--- MATERIAL FOR THIS TASK Enclosed Below ---

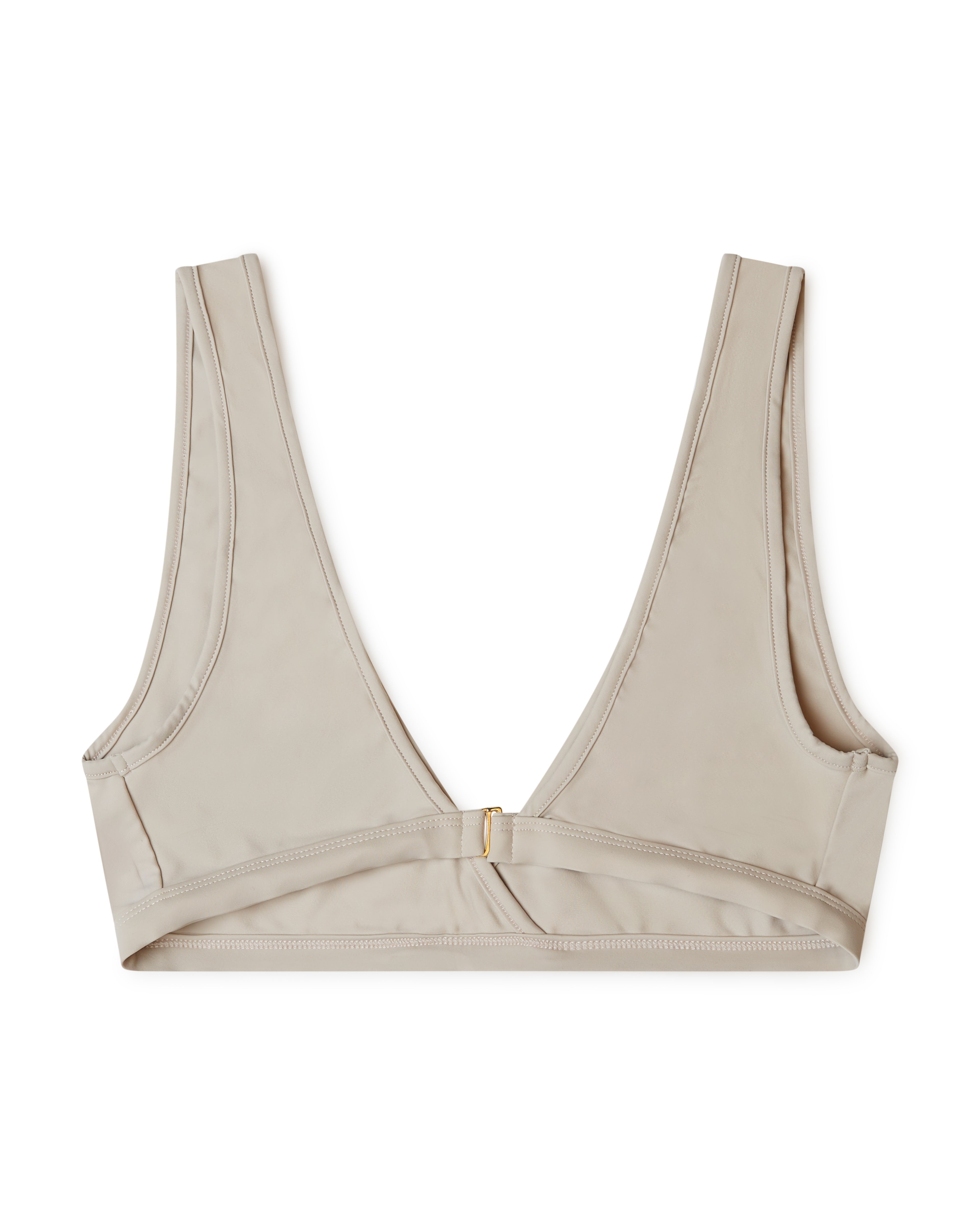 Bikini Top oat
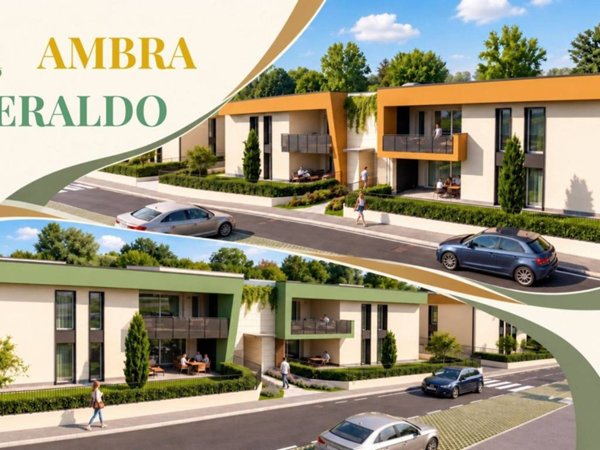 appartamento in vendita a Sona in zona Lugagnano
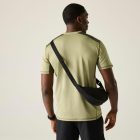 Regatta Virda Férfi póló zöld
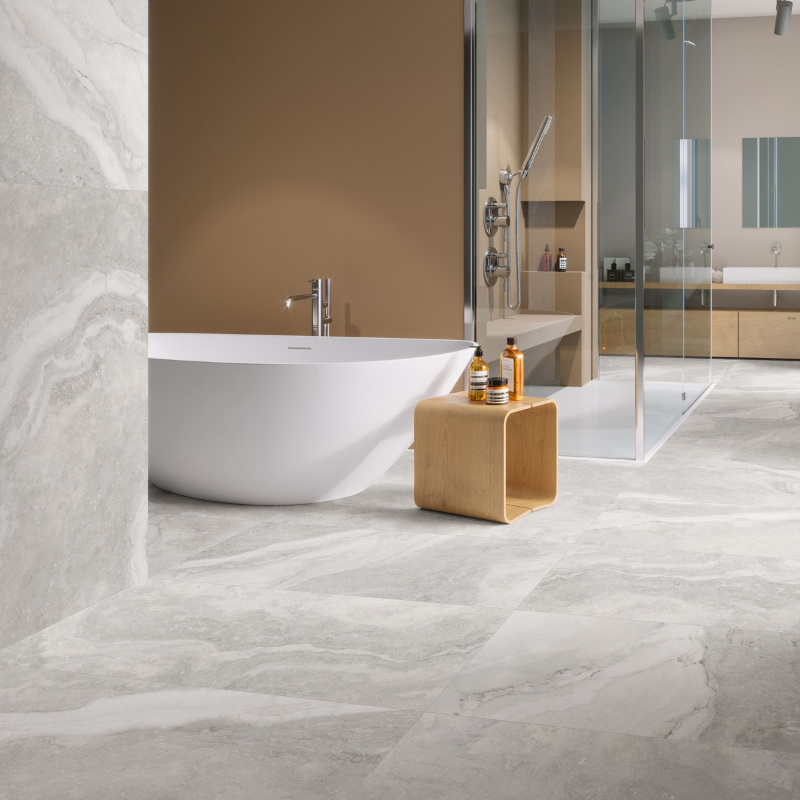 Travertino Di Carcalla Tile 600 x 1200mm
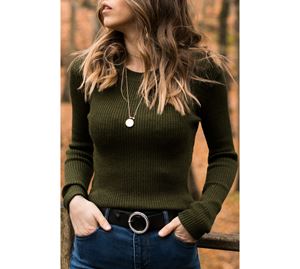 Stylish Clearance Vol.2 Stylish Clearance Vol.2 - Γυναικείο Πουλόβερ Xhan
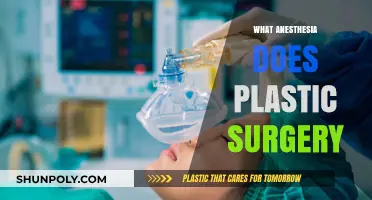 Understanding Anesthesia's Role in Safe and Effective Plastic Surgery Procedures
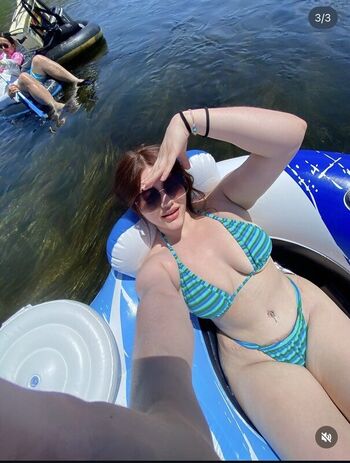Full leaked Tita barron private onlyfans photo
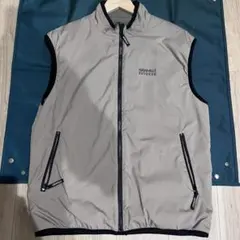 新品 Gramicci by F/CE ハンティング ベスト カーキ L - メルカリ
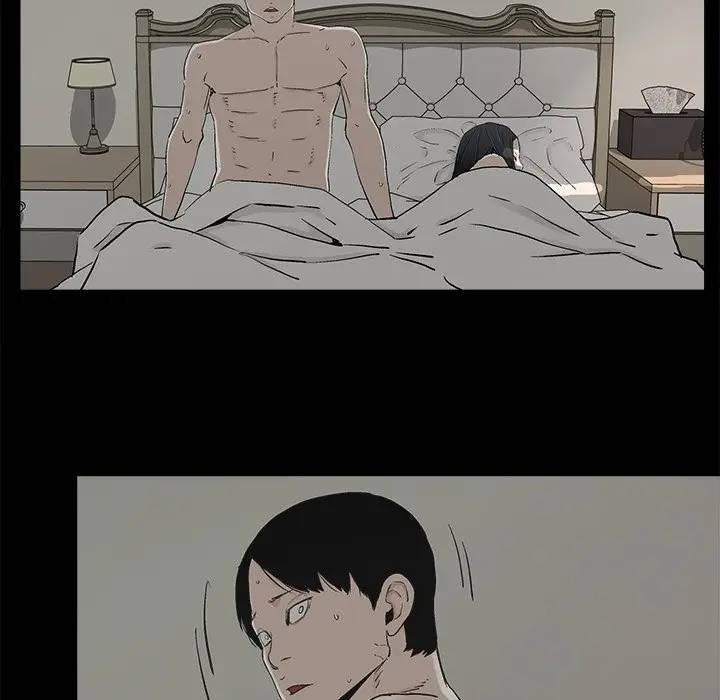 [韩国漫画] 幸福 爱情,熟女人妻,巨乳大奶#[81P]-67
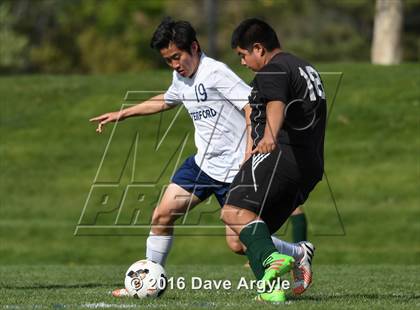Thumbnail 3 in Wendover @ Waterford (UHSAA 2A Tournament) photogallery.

--- End of Enclosed MATERIAL FOR THIS TASK ---

**ASSIGNMENT:** Return exactly the lines that begin with the one containing "Full leaked Tita" and end with the final line of the data above; include no pictures.

**THE COMPLETED TASK:**
Full leaked Tita barron private onlyfans photo
 新品 Gramicci by F/CE ハンティング ベスト カーキ L - メルカリ
 [韩国漫画] 幸福 爱情,熟女人妻,巨乳大奶#[81P]-67
Thumbnail 3 in Wendover @ Waterford (UHSAA 2A Tournament) photogallery.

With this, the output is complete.